• DATA SUPPLIED:
▼▼▼

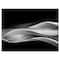 Designart - Glittering Silver Pattern - Abstract Canvas art print
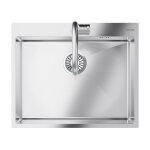 Outdoor Spüle XL mit Armatur und Gartenschlauchstecksystem - Abverkauf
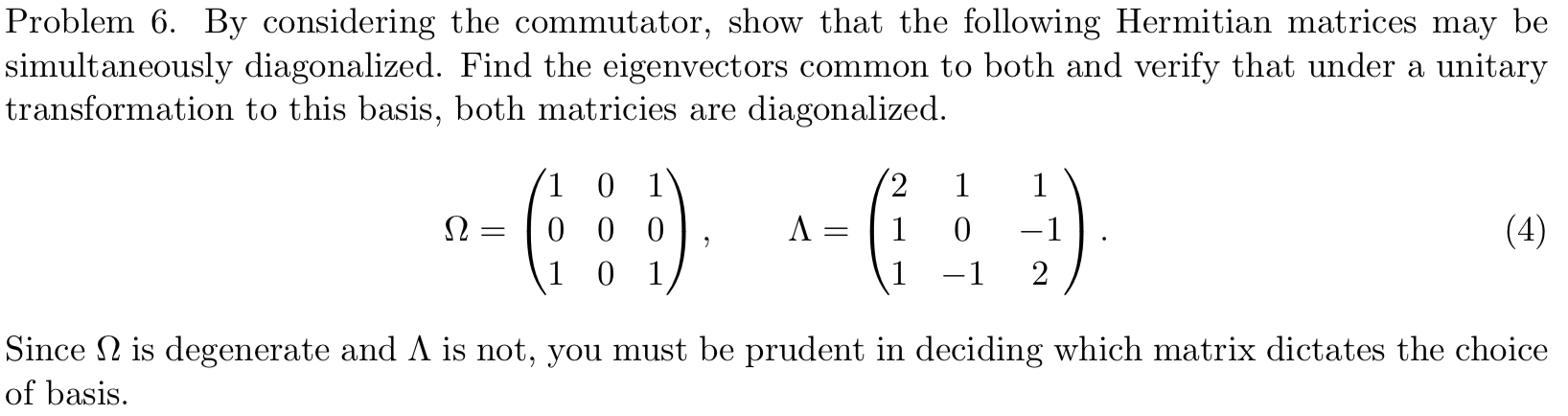 Answered: Problem 6 By considering the… | bartleby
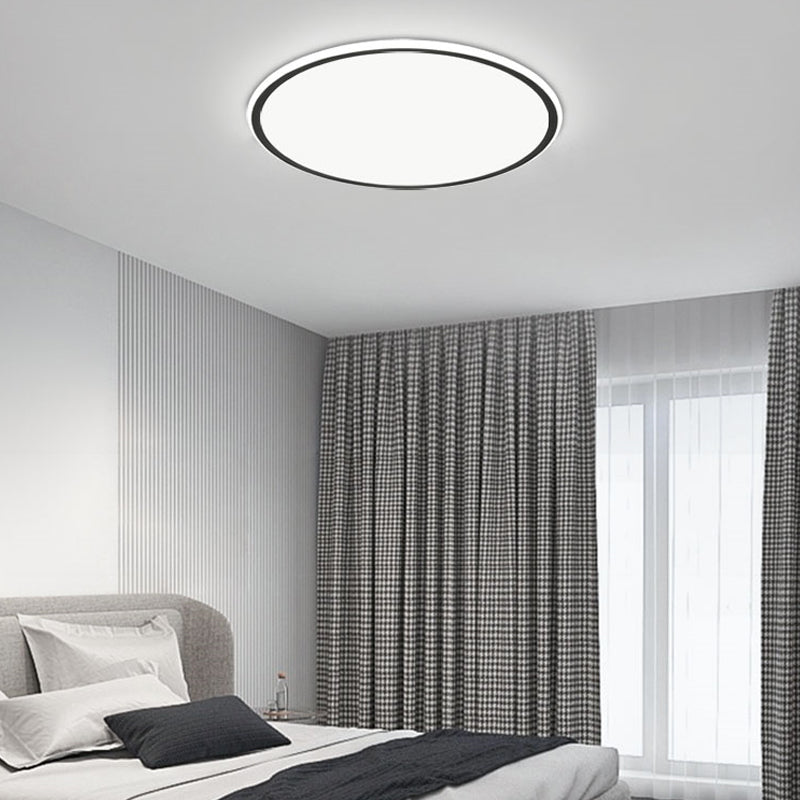 Luminaires de plafond encastrés à LED modernes pour salon
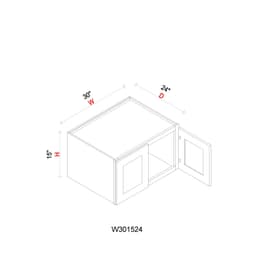 Wall Refrigerator Cabinet - 30"W x 15"H x 24"D - evhv51ckbcv1rycggntf@2x.jpg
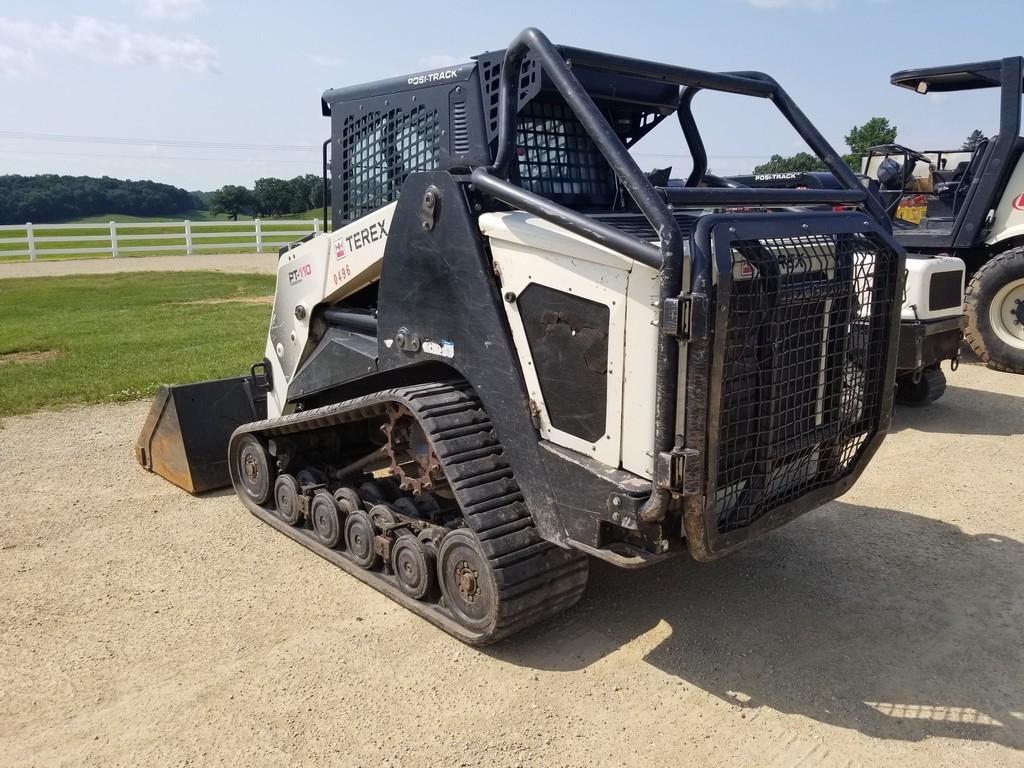 2014 Terex PT110F Skid Loader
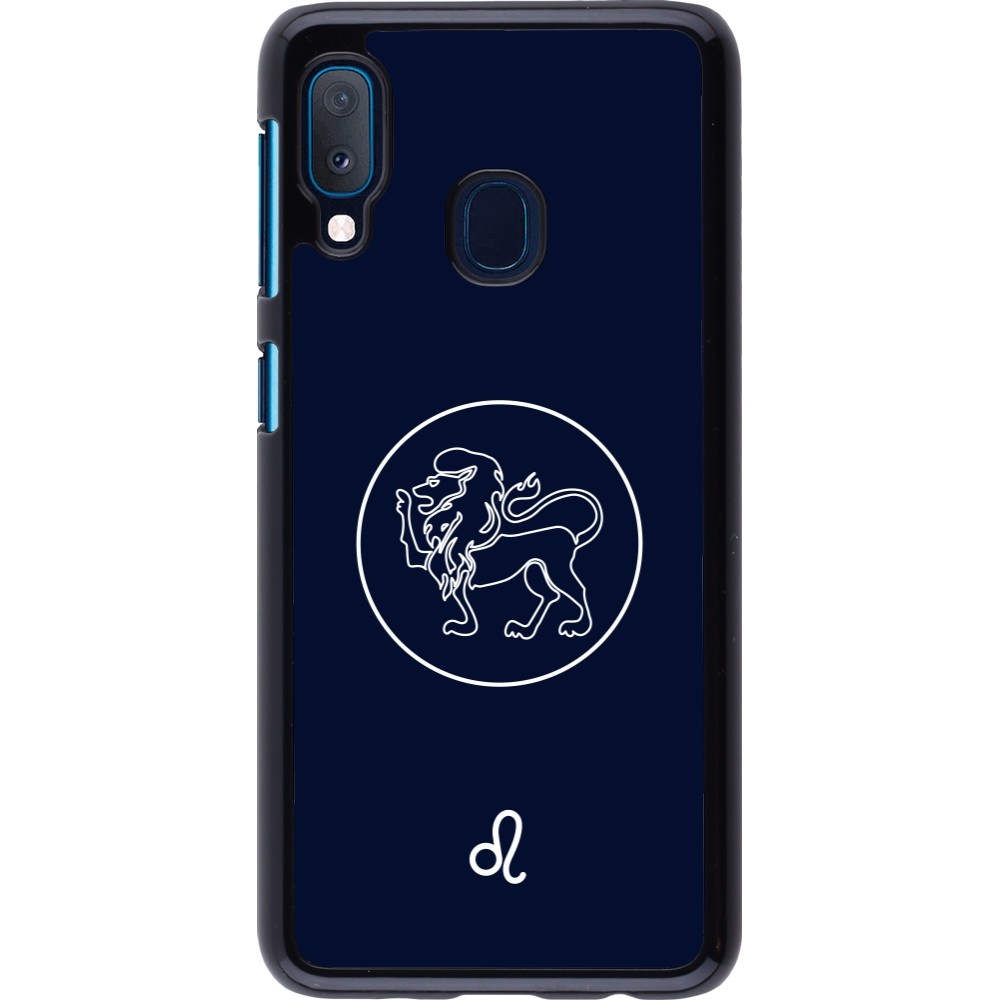 Samsung Galaxy A20e Case Hülle - Astrologie Löwe
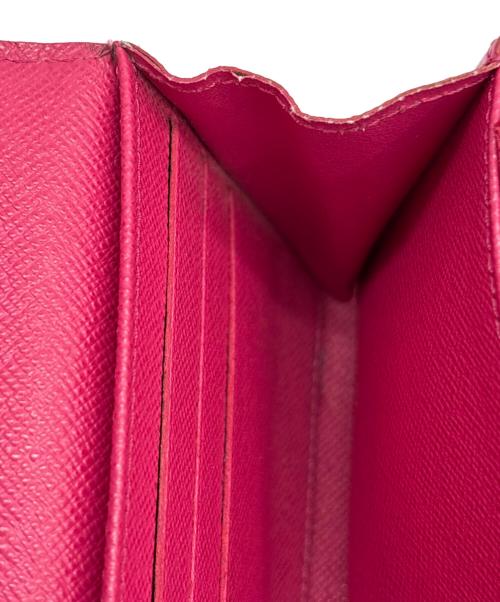 LOUIS VUITTON（ルイ ヴィトン）LOUIS VUITTON (ルイ ヴィトン) 長財布 ピンクの古着・服飾アイテム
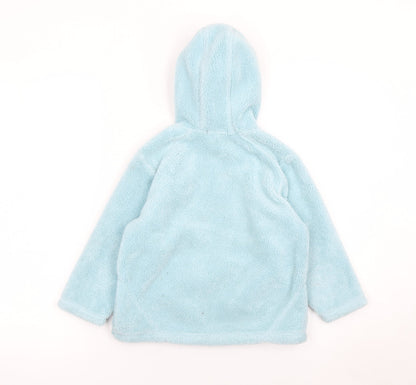 Girls UK Size 10 Years Gill Blue Basic Jacket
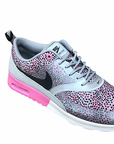 Nike scarpa da ginnastica da donna Air Max Thea Print 599408 005 grigio-nero-fucsia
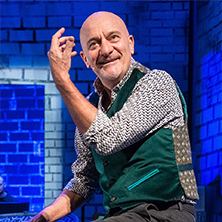 Claudio Bisio - La Mia Vita Raccontata Male Elfo Puccini - Sala Shakespeare
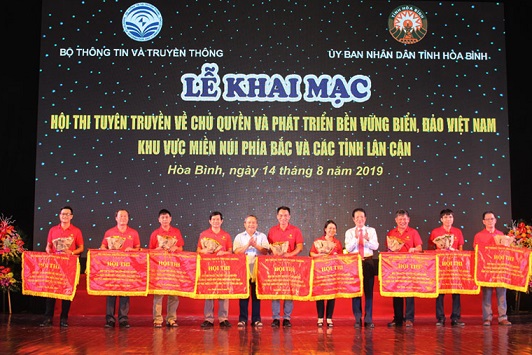 Khai mạc Hội thi tuyên truyền về chủ quyền và phát triển bền vững biển, đảo Việt Nam khu vực miền...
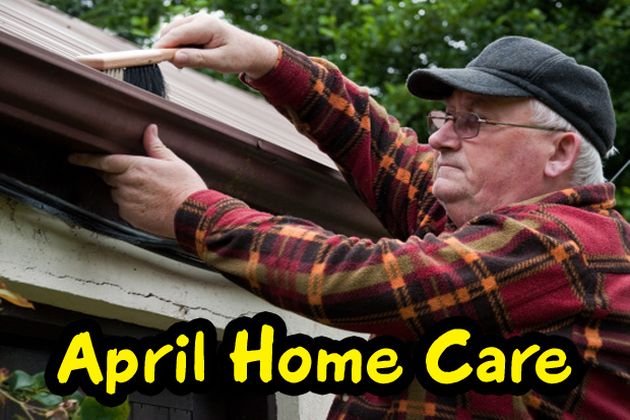 april home care and maintenance CLEANING GUTTERS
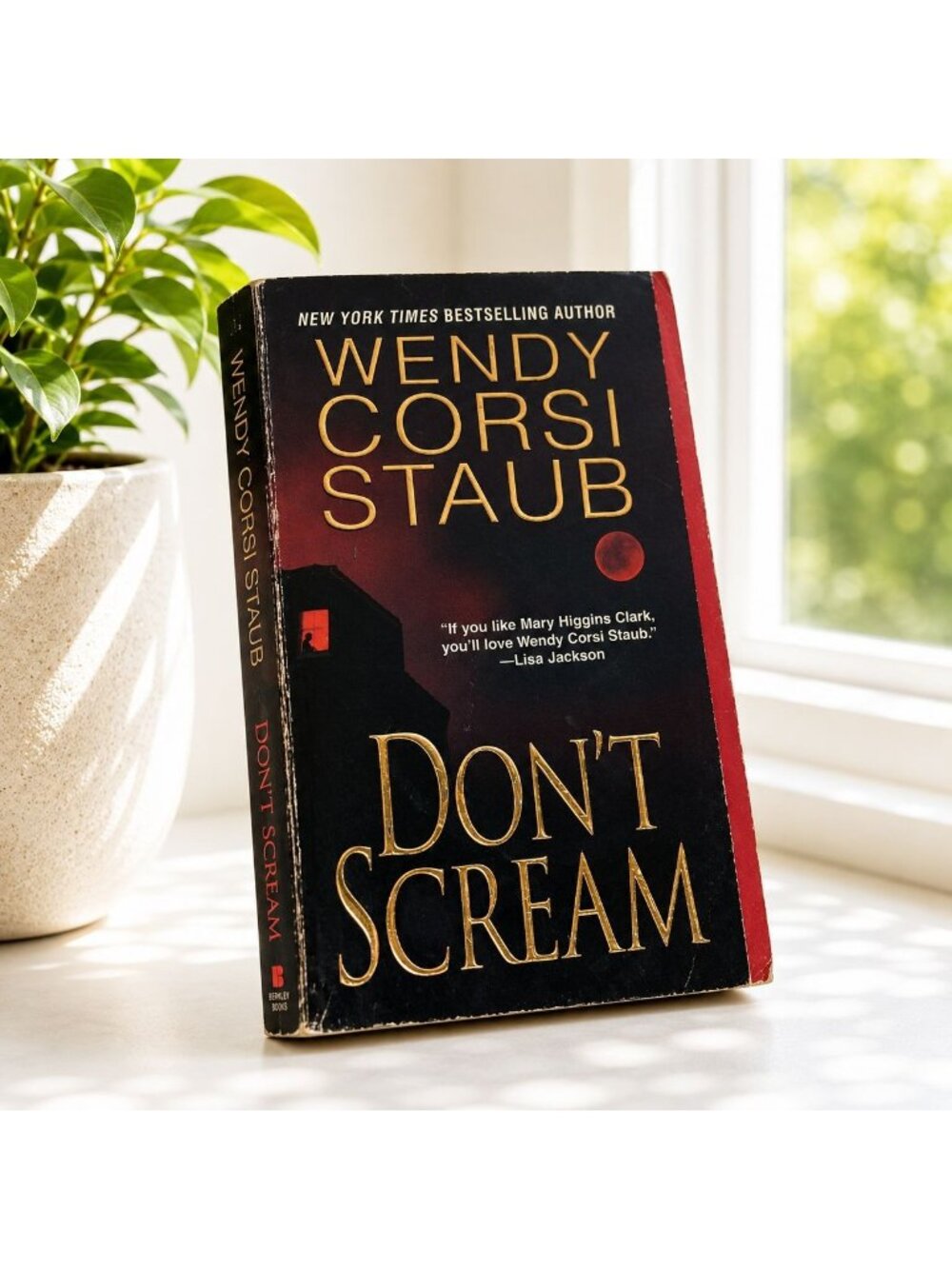 Don't Scream By Wendy Corsi Staub Paperback 2007 Zebra Books Vintage Thriller No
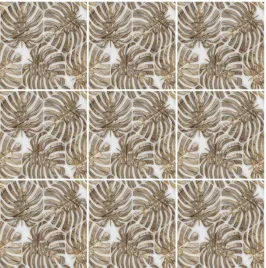 naklejki-na-plytki-do-kuchni-lazienki-drewniane-liscie-monstery-30x30-cm
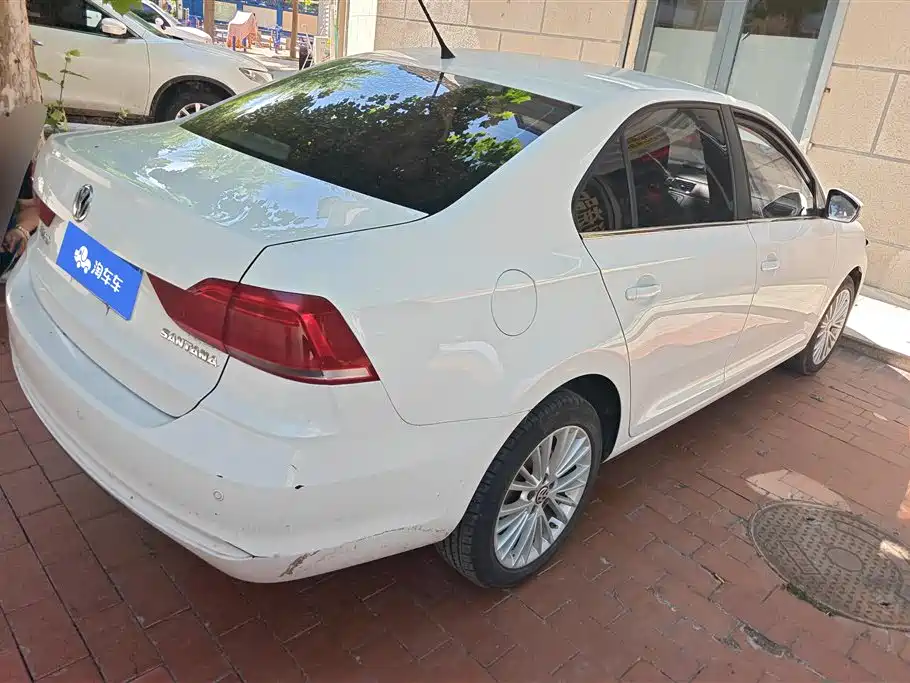 Volkswagen Santana 2019 1.5L Manual Trend China VI фото 3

▲▲▲

• THE PROBLEM: Find the line with "Answered: Problem 6" and the line with "april home care" in the records above. Copy both and all lines between them exactly, without pictures.

• OUTPUT:
 Answered: Problem 6 By considering the… | bartleby
 Luminaires de plafond encastrés à LED modernes pour salon
 Wall Refrigerator Cabinet - 30"W x 15"H x 24"D - evhv51ckbcv1rycggntf@2x.jpg
 2014 Terex PT110F Skid Loader
 Samsung Galaxy A20e Case Hülle - Astrologie Löwe
 LOUIS VUITTON（ルイ ヴィトン）LOUIS VUITTON (ルイ ヴィトン) 長財布 ピンクの古着・服飾アイテム
 Girls UK Size 10 Years Gill Blue Basic Jacket
 Nike scarpa da ginnastica da donna Air Max Thea Print 599408 005 grigio-nero-fucsia
 Claudio Bisio - La Mia Vita Raccontata Male Elfo Puccini - Sala Shakespeare
 Khai mạc Hội thi tuyên truyền về chủ quyền và phát triển bền vững biển, đảo Việt Nam khu vực miền...
 april home care and maintenance CLEANING GUTTERS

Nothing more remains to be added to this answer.